Ve 1990'da, birçoğunuzun çok iyi bildiği Painkiller albümü çıktı. Birçok kişi bu albümü Priest'in en iyi albümü olarak değerlendirir (benim de şahsen ÇOK sevdiğim bir albümdür ancak asla "en iyi" albümü diyemem).
Ve Priest'in zor dönemlerine girildi...
Zor Dönemler
Fazlasıyla başarılı Painkiller turunun sounda "efsanevi" vokal Halford, birkaç yıldır grup içinde olan gerginlik nedeniyle ayrıldı. 1991 yılında başlamıştı zaten dedikodular. Yine de Halford, "Metal Works '73 - 93' " adlı derleme albümde işbiliği yaptı. Bu albüm Priest'in 20. yılı anısınaydı. Aynı zamanda aynı isimli bir vidyoda da rol aldı Halford. O yılın sonunda resmen ayrılıdığı ilan edildi. Robert Halford, 90'ların başında kendi grubunu başlattı; "Fight"... Ayrıca daha sonra, Halford adında bir grup daha kurup solo kariyere devam etmiştir...
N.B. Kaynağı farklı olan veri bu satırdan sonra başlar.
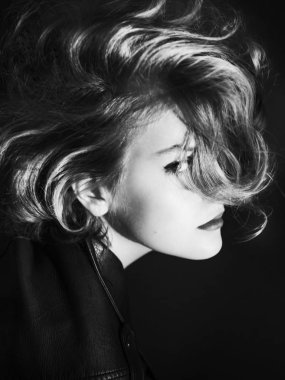 Genç kadın modeli siyah beyaz portre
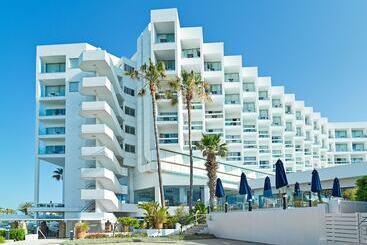 Leonardo Plaza Cypria Maris Beach Hotel & Spa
1996'da önceden "British Steel" adlı Judas Priest cover grubunda vokallik yapan Tim "Ripper" Owens gruba alındı. Bu kadroyla 2 albüm yapıldı; Jugulator ve Demolition(Ayrıca 1998'de de Live Meltdown adlı bir konser albümü yapıldı). Jugulator'daki "Cathedral Spires" Owens'ın Priest'teki en iyi işi olarak adlandırıldı, bu Tim owens'ın iyi vokal özelliklerine sahip olduğunu gösteriyordu. Ancak Demolition albümü tam bir hayal kırıklığıydı. Böylece, Ripper'ın asla ASLA efsane vokal Rob Halford kadar iyi bir vokal olamayacağı iyice anlaşıldı... (Tim Owens'ın sesini asla sevemedim, oysa iyi bir vokaldir, ama doldurmaya çalıştığı yer fazla büyüktü sanırım)
Owens'ın grubun hayranından vokali olma hikayesi "Rock Star" filmine konu oldu. Ama Owens'ın filmin prodüksiyonu ile alakası olmadı. Filmin Owens'ın hikayesiyle çok az ilgisi olduğundan, Judas Priest daha sonra filmle alakalarını kesti...
Yeniden Bir Araya Geliş
Neredeyse 12 yıllık ayrılık sonunda Priest orjinal vokali Rob Halford'la Temmuz 2003'te bir araya geldi. Priest Owens'la "dostça" ayrıldı. Owens Amerikalı heavy metal grubu Iced Earth'e geçti ve "The Glorious Burden" 2004'te kaydedildi.
Priest 2004'te hemen bir konser turu düzenledi ve ayrıca Ozzyfest'de headliner olarak çıktı. İki tur da çok başarılı geçti. 1 Mart 2005're yeni stüdyo albümü Angel of Retribution çıktı (bana kalırsa eski tadı veremeyen bir albümdür, ancak dünya piyasasında başarılı oldu. en azında Halford geldi!).